I won't pretend that I was a humorous or clever part of this little
word game we were playing out in the dark meadow by the big fire.
Being the youngest, I had to work very hard to understand the joke,
or to make like I understood, and as often as not I got caught up in
my own mind, my own puzzle, my drifty imagination. I was the one
out of the five kids who was always thrown in the car and taken on
long errands with my parents because I was purely content to sit in
the car and wander around my own mind. Watching the world itself,
the people in it, and my whole internal life was more than enough to
keep me entertained. My parents had an understanding at this time
about disciplining me: Do not send that Scorpio girl to her room for
punishment because she loves it there. So whatever it was that had
them all cracking up - whatever jokes and jabs and teasing Jeffrey -
now JJ Bone - had got going, like referring to my mother as the one
who "got Boned" - I wasn't really getting it. I had no idea. I held on
to the leash of their banter, which ran like a rowdy sheepdog twice my
own weight, but I would not let go.
I quietly thrilled to be packed into my sleeping bag right up
next to them. I felt cocooned by the thick crescendoing song of the
crickets, that voluptuous blanket of summer night humidity, the smell
of wood smoke, the heavy dew of the tall grass around us, the necessary
and anchoring voices, giggles, farts, and squeals of disgust of my
older siblings. This whole perfect night when everyone is still, pretty
much, intact and wholesome, is where I sometimes want the party to
stop.
In the morning the sun will come up and the rest of life will
resume - where it will become cliché to admire the beauty of the
stars, facile to feel transported by the smell of wood smoke, childish to
admit to loving your siblings, and weak to be made secure by the idea
of your parents still married up in the house - and we will awaken
and kick out of our sleeping bags and find in the pit a huge bed of
glowing coals, perfect for the slow roasting of the lambs.

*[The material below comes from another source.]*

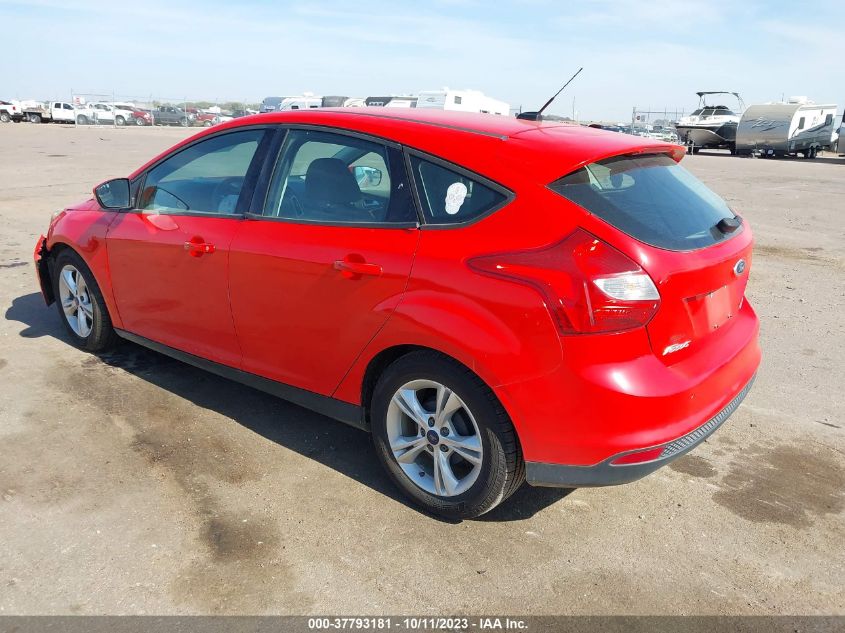 2014 FORD FOCUS SE - 1FADP3K28EL198965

But on this last night that we all spend together fireside, being ravaged
by mosquitoes and uncomfortably dampened by the dew absorbed
by the cotton army-issue sleeping bags - when we have not
yet even eaten the lambs - all that yet troubles us is whether, when it
rang, you answered the Bone Phone or the Bone Touch Tone.

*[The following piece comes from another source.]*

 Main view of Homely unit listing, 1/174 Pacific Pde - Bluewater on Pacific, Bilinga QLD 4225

When we woke up, the mist was burning off as the sun got strong.
My dad was throwing huge coils of sweet Italian sausage onto the
grill. He split open big loaves of bread to toast over the coals, and for
breakfast, instead of Cocoa Puffs and cartoons, we sat up in our sleeping
bags, reeking of smoke, and ate these giant delicious, crusty, and
charred sweet Italian sausage sandwiches.
Then there were a million chores to do, and my dad needed us to
do them. I learned that I could drive, work, haul stone, hammer nails,
handle knives, use a chainsaw, and tend fires - anything boys could
do - simply because my dad was always so behind, so late, so overextended
and ambitious and understaffed on every project that he was
always in desperate need of another pair of hands, even if they were
only a nine-year-old pair of girl hands. All of us had clocked enough
hours with my dad backstage at theaters, watching the scenery go up
or come down, that by the time he was throwing this party in our
backyard and instructing us to light the paper bag luminarias right at
sundown, we understood theater terms like "the fourth wall" and theatrical
lighting expressions like "Close the barn doors!" and "Dimmer
two segue to three, please!"
Excerpted from Blood, Bones & Butter by Gabrielle Hamilton. Copyright © 2011 by Gabrielle Hamilton. Excerpted by permission of Random House. All rights reserved. No part of this excerpt may be reproduced or reprinted without permission in writing from the publisher.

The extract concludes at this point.